### Records supplied
=-=-=-=-=

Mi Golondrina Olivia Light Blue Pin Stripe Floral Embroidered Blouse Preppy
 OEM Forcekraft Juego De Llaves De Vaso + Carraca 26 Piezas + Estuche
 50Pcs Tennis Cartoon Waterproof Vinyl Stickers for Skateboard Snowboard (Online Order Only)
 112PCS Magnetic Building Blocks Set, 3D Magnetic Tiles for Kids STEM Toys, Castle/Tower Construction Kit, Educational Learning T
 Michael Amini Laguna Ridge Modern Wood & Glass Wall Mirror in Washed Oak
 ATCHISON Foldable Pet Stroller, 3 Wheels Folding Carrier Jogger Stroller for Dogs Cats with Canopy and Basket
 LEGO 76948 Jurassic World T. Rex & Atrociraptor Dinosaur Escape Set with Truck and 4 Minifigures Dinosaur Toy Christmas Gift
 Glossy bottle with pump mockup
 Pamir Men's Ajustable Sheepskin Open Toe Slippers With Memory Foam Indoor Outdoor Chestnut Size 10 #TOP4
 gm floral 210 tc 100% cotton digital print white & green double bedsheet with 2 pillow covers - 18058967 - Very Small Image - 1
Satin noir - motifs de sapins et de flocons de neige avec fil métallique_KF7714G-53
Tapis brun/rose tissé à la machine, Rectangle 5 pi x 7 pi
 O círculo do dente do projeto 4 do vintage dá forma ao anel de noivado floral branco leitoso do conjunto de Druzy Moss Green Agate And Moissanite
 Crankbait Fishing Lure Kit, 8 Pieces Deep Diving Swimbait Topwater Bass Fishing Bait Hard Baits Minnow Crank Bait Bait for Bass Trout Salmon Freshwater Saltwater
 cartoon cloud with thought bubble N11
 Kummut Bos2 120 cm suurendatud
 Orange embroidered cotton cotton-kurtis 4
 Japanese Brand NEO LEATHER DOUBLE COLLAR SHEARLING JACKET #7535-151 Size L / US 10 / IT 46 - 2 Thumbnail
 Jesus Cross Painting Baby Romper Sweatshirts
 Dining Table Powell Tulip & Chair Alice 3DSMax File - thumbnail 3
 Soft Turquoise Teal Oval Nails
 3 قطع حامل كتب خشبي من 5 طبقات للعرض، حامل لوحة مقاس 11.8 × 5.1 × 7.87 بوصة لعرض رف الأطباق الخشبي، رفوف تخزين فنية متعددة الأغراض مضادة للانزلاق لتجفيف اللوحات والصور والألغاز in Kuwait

=-=-=-=-=

### What needs to be done
Take every line above where "Size" appears and copy it.

### Exercise answer
 Pamir Men's Ajustable Sheepskin Open Toe Slippers With Memory Foam Indoor Outdoor Chestnut Size 10 #TOP4
 Japanese Brand NEO LEATHER DOUBLE COLLAR SHEARLING JACKET #7535-151 Size L / US 10 / IT 46 - 2 Thumbnail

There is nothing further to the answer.